Start of RECORDED INFORMATION
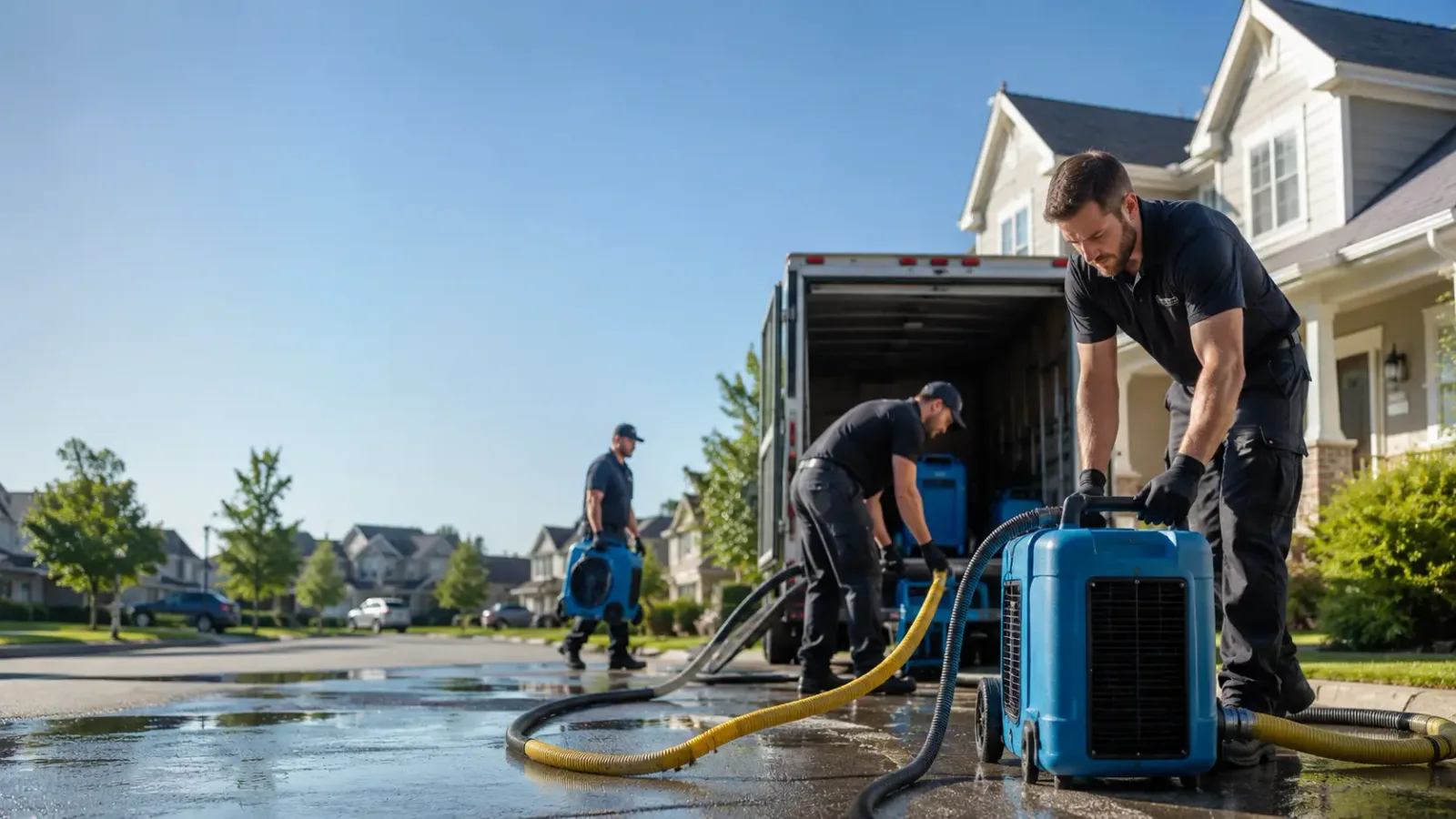 Water Damage Mitigation in Salix, PA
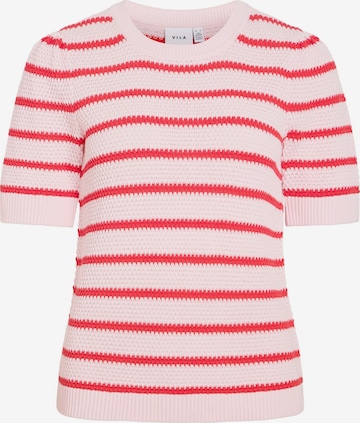 VILA Pullover i pink: forside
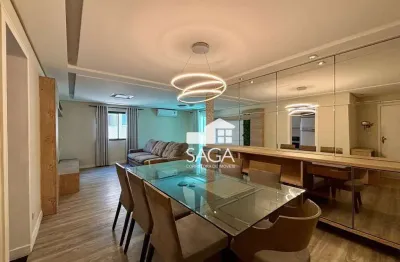 Apartamento com 3 dormitórios à venda, 125 m² por r$ 699.000,00 - tupi - praia grande/sp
End of RECORDED INFORMATION
DIRECTIONS FOR THIS TASK
When a picture appears in the material, please pass over it while retyping the rest exactly.

ANSWER BELOW
 Water Damage Mitigation in Salix, PA
 VILA Pullover i pink: forside
 Apartamento com 3 dormitórios à venda, 125 m² por r$ 699.000,00 - tupi - praia grande/sp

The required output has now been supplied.